Posted in Investment Adviser Regulation

A congressionally mandated budget report may ring the death knell for proposed legislation that would increase the leverage limit for business development companies (BDCs).

The April 10, 2014 report by the Congressional Budget Office (CBO) estimates that the Small Business Credit Availability Act, H.R. 1800, if enacted, would cost taxpayers $354 million over the next 10 years.

H.R. 1800, introduced in April 2013, would

  • Reduce from 200 percent to 150 percent the asset coverage requirements that apply to BDCs;
  • Allow BDCs to invest in shares of investment advisers to BDCs;
  • Eliminate certain protections for holders of preferred stock issued by BDCs; and
  • Amend certain SEC rules and forms to allow BDCs to use streamlined securities offerings provisions that are available to other public companies.
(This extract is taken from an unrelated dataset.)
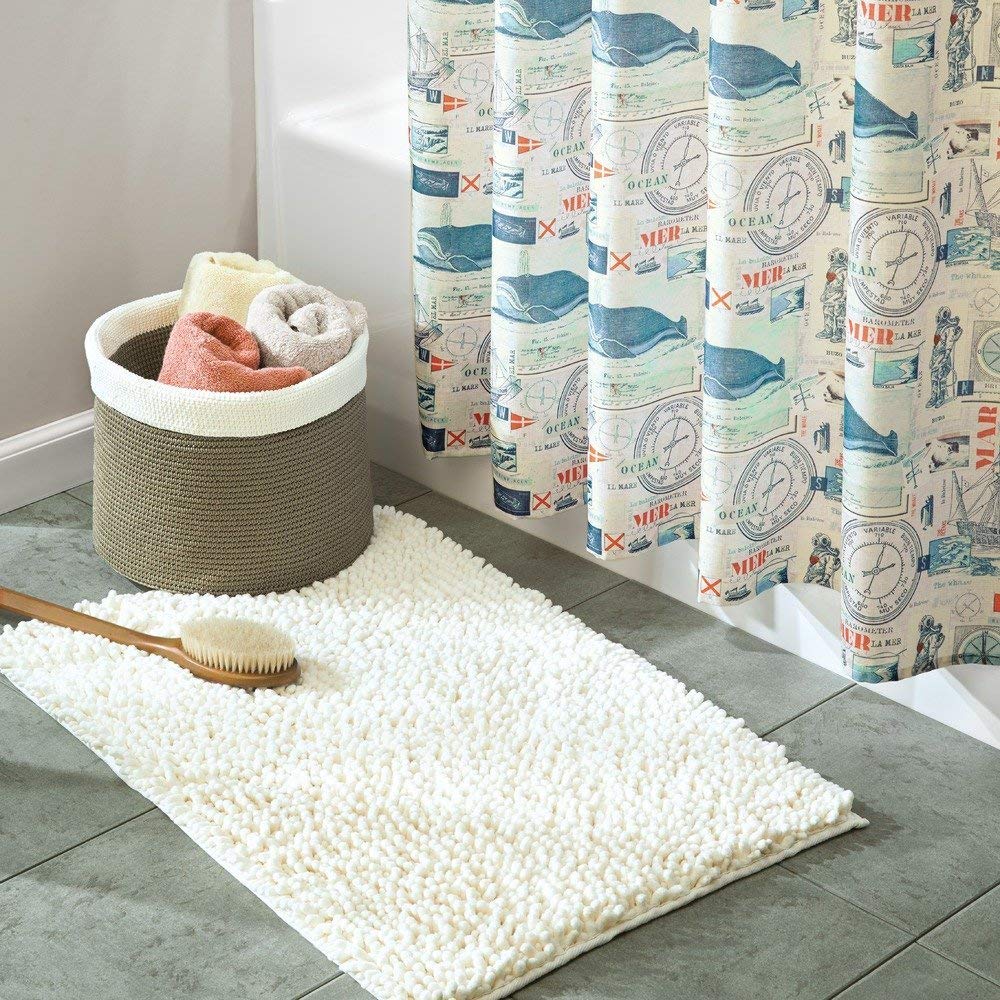 Microfibre Bath Mat Non Slip Rug Bathmat Toilet Shower Bathroom Shaggy Soft Anti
The loss of federal tax revenues would result from the differences in taxation of income to individuals.  BDCs pass through income to their shareholders, so the income they generate typically is subject only to individual income tax.  In contrast, taxable income from “C” corporations is subject to taxation at the corporate level and at the individual tax level.  The report estimates that by shifting income from C corporations to BDCs, enacting the legislation would reduce federal tax revenues by $350 million between 2014 and 2024.

The Statutory Pay-As-You-Go Act of 2010 established budget reporting and enforcement procedures for legislation affecting direct federal spending or federal tax revenues.  The CBO report could block the legislation, unless its sponsors propose alternatives that would make the bill revenue neutral.